But how can this be the source of truth, if all its data comes from other places?

There's an important difference between the source of the data, and the source of truth. Sometimes they're the same thing, but they don't have to be.

Syscat is designed and intended to be a shared reference for all that data, from the perspective of the people and systems that use that data.

To use an analogy, if your organisation is a village, Syscat is its well. The well taps into water that was carried here by rivers, and the rivers in turn are fed by springs. The springs are each of the systems that data is fetched from, and the rivers are integrations which fetch that data and update Syscat with it.

The villagers can trek to each of the springs to get their water; some will go to one, while some will go to another. But with a well in the centre of the village, everybody can go to the same place, and draw on water mixed from all the same sources.

Status

Current development status: beta, minimum viable product.

It's very much at the early-adopter evaluation stage, but it's already useful to some extent.

Core functionality is in place.
- Very basic GUI.
Available as a set of Docker images, plus an example docker-compose file, for ease of deployment.
The schema and API are roughly where they should be.
- The API should be stable.
  - There may be minor tweaks, but any major changes will most likely result in a new version (yes, the API is versioned).
Documentation, test suites and general hardening still need lots of work.
- It's fairly resilient in the sense that it's unlikely to break in response to bad input.
- Security is still an issue: it's very much personal/internal-use only, at the moment. More time and expertise are needed.
Feedback on the current design will be very welcome, especially on the schema, but also the API itself.
- It's vitally important that this describes things you actually have in your environment, in terms that are clear and familiar, so I really do want to know where I got it wrong.
- The API design works for me(TM). If there are things about its design that you think could be improved, I'd love to know about them.
Security: it has not been properly examined by an expert.
- Do not put sensitive information in a publicly-accessible instance! I don't trust it that far yet, and neither should you.
- It will become something you can trust. It's just not there yet.

Summary: it's not yet ready for prime-time, but you can do useful things with it.

Features

Comprehensive
- It's designed explicitly to track everything, and it's multi-organisational by design. Extend your map of your own environment to include partners, ISPs, subsidiaries and service vendors, plus anything you know about the connections between them, all at the same level of detail that's available for your own organisation.
- Provides a real single source of truth, assuring full consistency.
- "Everything" means that it's theoretically capable of mapping the entire internet, including every last computer, spare part, network cable and person involved.
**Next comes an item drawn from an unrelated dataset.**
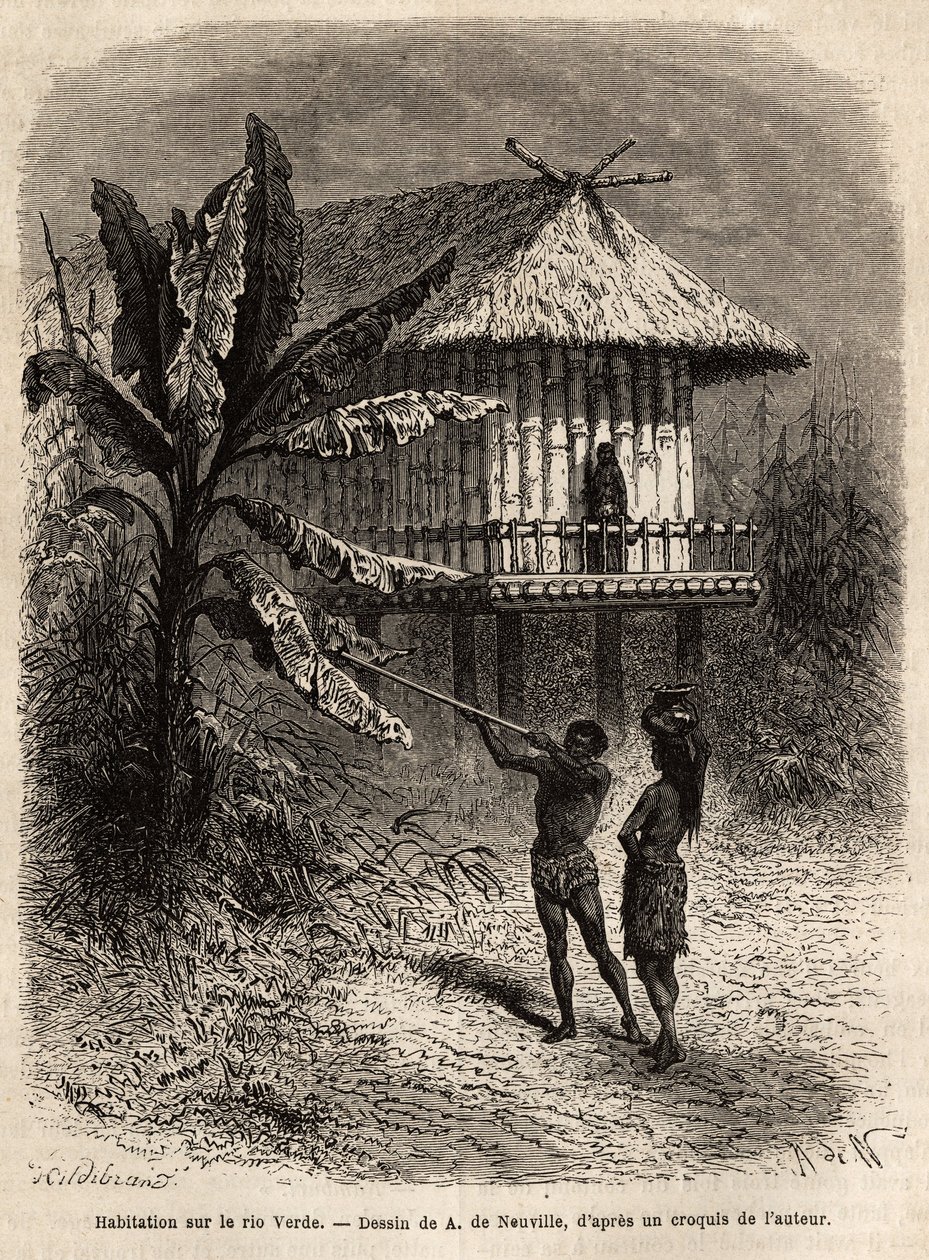 Um casal de índios de Rio Verde (Brasil), o homem com seu sarbacan, em frente a uma casa típica em palafitas. Gravura para ilustrar a viagem a Nova Granada, pelo Dr. Saffray, em 1869, publicada em "Le tour du monde" 1873, editada por Edouard Charton, e de Unknown artist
Everything.
User-extensible - if it's not included in the default installation, you can add it.
- Extensions are first-class elements, not tacked on afterwards.
- Share schema extensions with other users, to gain a shared view and vocabulary, and to avoid duplicated data-modelling work.
- You can extend it to cover new technologies or approaches, without waiting for the vendor to get around to it.
API-first design - if you can do it in the GUI, you can already do it via the API.
- Automation-friendly: one of the design goals was to make it as easy as possible for users to build their own tooling around it.
- You can build your own GUI, if the provided one doesn't do what you need.
IPAM API that takes care of all the details around subnet and address management
- IPv4/IPv6 dual-stack capable.
- Multiple VRFs.
- Multiple organisations.
File upload/download API
- It can hold your reference documents, scanned contracts, and photos of the back of that router with the weird cabling.
Distinguishes between intended and actual state, i.e. what should be there vs what's actually there
- You use different terms when allocating than when configuring. Syscat embraces this, instead of trying to pretend they're the same thing.
Horizontally scalable
- Deploy as many Syscat instances as necessary, without additional configuration. Want a read-only instance for a batch-process to hammer, without slowing down the one that serves the web GUI? No problem.
- Because it's based on Neo4j, the database layer can also scale out horizontally, independently of the appserver layer.
Variable levels of detail
- Record what information you do have, and flesh it out in more detail as you decide/discover more.
- Sometimes you just don't need fine-grained detail in order to get useful things done.
Designed for production deployment
- Docker is the main deployment method, so it's easy to install and operate.
- Schemas are uploaded as JSON documents in text files, making it easy to manage them in a version-control system, and simplifying the dev->test->staging->production workflow.
Versioned schemas
- Create a new schema-version at any time.
- Rollback (and roll-forward) between schema versions is trivial, making it easier to test changes and recover from mistakes.
- Old versions can be deleted, so you can remove cruft instead of accumulating it.
Versioned data
- Every time you modify a resource (like this page) a new version is created.
- That means you can roll back to a previous version, or compare two versions.
  - Note: this GUI does nothing with versions yet, but it's already there in the API.
Separation of upgrades between the engine and the schema.
- When you deploy a new version of the Docker image, it won't automatically upgrade the schema, even if it includes a newer version.
- You can download and install a new version of the schema without having to upgrade the engine.
- This does mean that if you want to upgrade both the engine and the schema, you have to do both things as separate operations.
No AI.
- It doesn't have any, and it isn't going to.
- It's here to extend the abilities of your mind (and the collective abilities of your team's minds). It's not here to replace them.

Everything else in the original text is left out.